Here's what I came up with:
curl <url> 2> /dev/null | egrep "a href=" | sed 's/.*<a href="//' | \
cut -d '"' -f 1-1 | while read i; do echo "`expr $RANDOM % 1000`:$i"; done | \
sort -n | sed 's/[0-9]*://' | head -1
Replacing the bit with the URL you are trying to get a link from.
EDIT:
It might be easier to make a script called getrandomurl.sh containing:
#!/bin/sh
curl $1 2> /dev/null | egrep "a href=" | sed 's/.*<a href="//' | \
cut -d '"' -f 1-1 | while read i; do echo "`expr $RANDOM % 1000`:$i"; done | \
sort -n | sed 's/[0-9]*://' | head -1
and run it like ./getrandomurl.sh http://stackoverflow.com or something.
Using both lynx and bash arrays:
hrefs=($(lynx -dump http://www.google.com |
sed -e '0,/^References/{d;n};s/.* \(http\)/\1/'))
echo ${hrefs[$(( $RANDOM % ${#hrefs[#]} ))]}
Not a curl solution, but I think more effective given the task.
I would suggest using the perl WWW::Mechanize module for this. For example to dump all links from a page use something like this:
use WWW::Mechanize;
$mech = WWW::Mechanize->new();
$mech->get("URL");
$mech->dump_links(undef, 'absolute' => 1);
Note URL should be replaced with the wanted page.
Then either continue within perl, the following follows a random link on the URL page:
$number_of_links = "" . #{$mech->links()};
$mech->follow_link( n => int(rand($number_of_links)) )

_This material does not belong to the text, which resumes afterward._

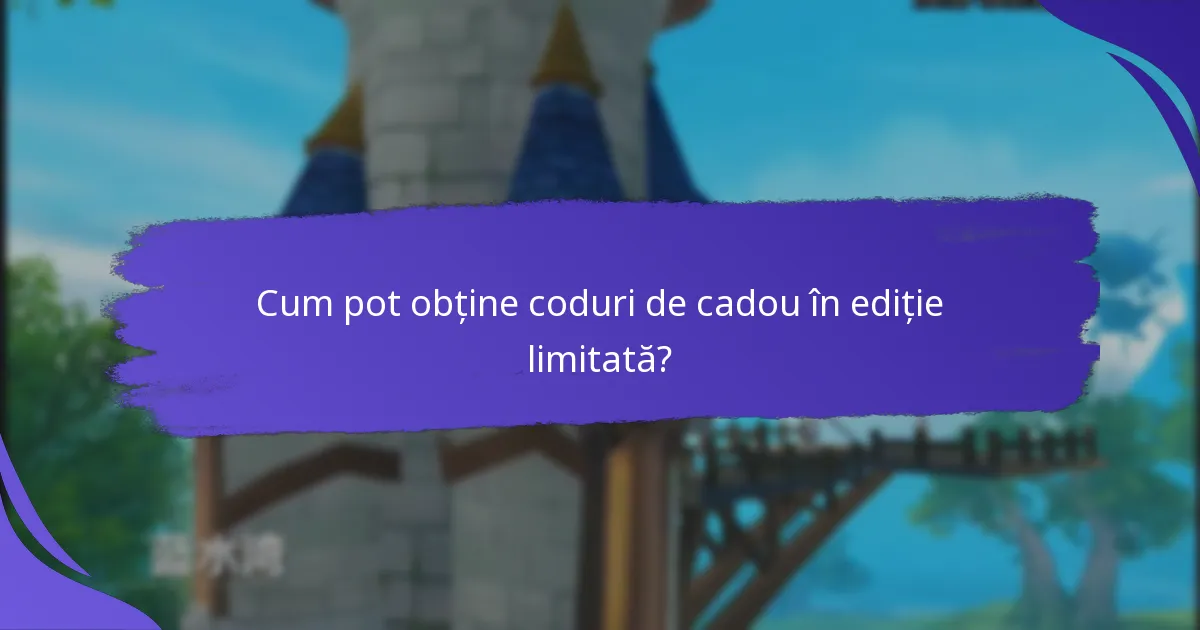 Cum se compară codurile de cadou în ediție limitată cu articolele obișnuite?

Or use the dump_links version above to get urls and process further within shell, e.g. to get random url (if the above script is called get_urls.pl):
./get_urls.pl | shuf | while read; do
# Url is now in the $REPLY variable
echo "$REPLY"
done
Using pup
A flexible solution to getting all the links on a page is to use pup to specify CSS selectors. For instance, I can grab all the links (<a> tags) from my blog using:
curl https://jlericson.com/ 2>/dev/null \
| pup 'a attr{href}'
The attr{href} at the end outputs only the href attribute. If you run that command, you'll notice several links aren't to posts on my site, but to my email address and Twitter account.

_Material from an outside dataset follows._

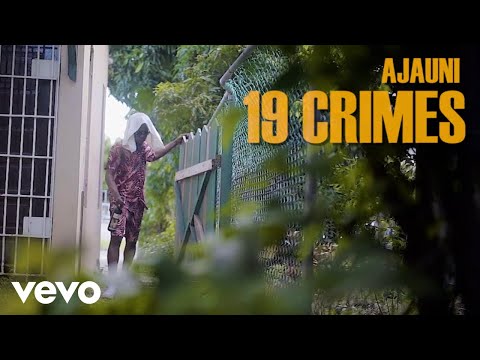 Ajauni - 19 Crimes (Official Video)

If I want to get just the blog post links, I can be a bit more choosy:
curl https://jlericson.com/ 2> /dev/null \
| pup 'a.post-link attr{href}'
That grabs only links with class='post-link', which are the links to my posts.
Now we can select a random line of output:
curl https://jlericson.com/ 2> /dev/null \
| pup 'a.post-link attr{href}' \
| shuf | head -1
The shuf command mixes the lines like a deck of cards and head -1 draws the top card off the deck. (Or the first line, if you prefer.)
My links are all relative, so I will want to append the domain using sed:
curl https://jlericson.com/ 2> /dev/null \
| pup 'a.post-link attr{href}' \
| sed -e 's|/|https://jlericson.com/|' \
| shuf | head -1
The sed command replaces the first / with the rest of the URL.
I might also want to include the text of the link. That gets a bit tricky because pup doesn't support two output functions. But it does support outputting to JSON, which can be read with jq:
curl https://jlericson.com/ 2> /dev/null \
| pup 'a.post-link json{}' \
| jq -r '.[] | [.text,.href] | #tsv' \
| sed -e 's|/|https://jlericson.com/|' \
| shuf | head -1
This is a tab-separated value output, which may or might not be what you want.